Yeah, I wasn't sure how I wanted to deal with duplicates so I mostly ignored them. I track letter positions directly (just a bunch of tuples), but don't actually do anything with this other than restricting candidates words.
I think if I work on this some more I'd try to factor in letter positioning when deciding what to guess. My hunch is that it won't make too much of a difference though.
So I tried an experiment using 15,918 five letter English words. I used a basic scoring strategy of scoring a word by summing up the frequency of the candidate letters in the candidate words as determined by a regexp of included and excluded letters. (e.g. `.aves` would score `waves` 1, but `saves` as 0 since `s` is already included)
Variations included adding in the frequency of the letter at a particular position, and adding in the frequency of two letter combinations.
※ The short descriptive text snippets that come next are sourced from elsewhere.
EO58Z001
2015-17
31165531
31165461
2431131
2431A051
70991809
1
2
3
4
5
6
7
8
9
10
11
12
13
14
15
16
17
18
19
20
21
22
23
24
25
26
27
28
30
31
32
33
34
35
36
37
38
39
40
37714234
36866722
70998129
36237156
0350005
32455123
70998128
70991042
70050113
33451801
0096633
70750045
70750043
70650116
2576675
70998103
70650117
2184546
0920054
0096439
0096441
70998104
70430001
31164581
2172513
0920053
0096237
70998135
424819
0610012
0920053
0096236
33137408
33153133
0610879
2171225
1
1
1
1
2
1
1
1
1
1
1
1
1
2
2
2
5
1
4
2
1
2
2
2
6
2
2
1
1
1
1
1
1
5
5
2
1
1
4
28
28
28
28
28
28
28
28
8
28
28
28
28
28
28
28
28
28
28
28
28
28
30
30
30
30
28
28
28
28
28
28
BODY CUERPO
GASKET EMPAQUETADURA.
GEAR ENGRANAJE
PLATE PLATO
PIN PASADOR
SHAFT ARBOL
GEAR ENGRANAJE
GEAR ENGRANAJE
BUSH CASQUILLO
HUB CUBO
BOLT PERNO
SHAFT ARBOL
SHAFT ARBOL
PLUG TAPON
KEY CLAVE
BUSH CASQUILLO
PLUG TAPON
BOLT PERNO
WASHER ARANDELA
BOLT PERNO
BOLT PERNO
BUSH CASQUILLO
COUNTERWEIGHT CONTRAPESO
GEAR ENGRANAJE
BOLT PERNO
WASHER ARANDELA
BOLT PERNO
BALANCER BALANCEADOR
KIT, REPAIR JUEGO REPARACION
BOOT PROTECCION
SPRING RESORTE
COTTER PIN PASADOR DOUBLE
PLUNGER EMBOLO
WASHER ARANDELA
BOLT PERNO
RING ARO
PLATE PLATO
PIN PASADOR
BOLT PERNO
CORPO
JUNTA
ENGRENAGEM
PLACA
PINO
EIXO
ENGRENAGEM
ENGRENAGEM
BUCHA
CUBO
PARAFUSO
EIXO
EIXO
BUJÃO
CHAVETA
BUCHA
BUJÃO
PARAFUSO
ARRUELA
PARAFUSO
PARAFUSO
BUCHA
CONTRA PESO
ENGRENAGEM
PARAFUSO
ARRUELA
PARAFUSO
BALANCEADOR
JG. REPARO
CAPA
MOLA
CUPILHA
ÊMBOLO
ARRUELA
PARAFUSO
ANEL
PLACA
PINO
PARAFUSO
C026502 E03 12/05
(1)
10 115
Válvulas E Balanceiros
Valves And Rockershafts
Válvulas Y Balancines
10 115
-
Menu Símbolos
Interestingly enough, the winning strategy was using single letters and using figuring in the position. Second second best was using two letters and position.
ngram=1 posfreq=True mean attempts: 4.34 WinPct 91.280%
ngram=2 posfreq=True mean attempts: 4.35 WinPct 91.186%
ngram=2 posfreq=False mean attempts: 4.37 WinPct 90.074%
ngram=1 posfreq=False mean attempts: 4.38 WinPct 90.445%
Since my base dictionary is way bigger than the Wordle one, I also mixed in a smaller 1,382 word dictionary (google-10000-english.txt) and then combined them by either just sorting by the score, or normalizing the scores, and then sorting. Normalizing the scores was strictly worse.
normalize=False ngram=1 posfreq=True mean attempts: 4.34 WinPct 91.280%
normalize=True ngram=1 posfreq=True mean attempts: 4.43 WinPct 90.281%
FWIW, the absolute worse one was:
normalize=True ngram=1 posfreq=False mean attempts: 4.43 WinPct 89.835%
I think if I work on this some more I'd try to factor in letter positioning when deciding what to guess. My hunch is that it won't make too much of a difference though.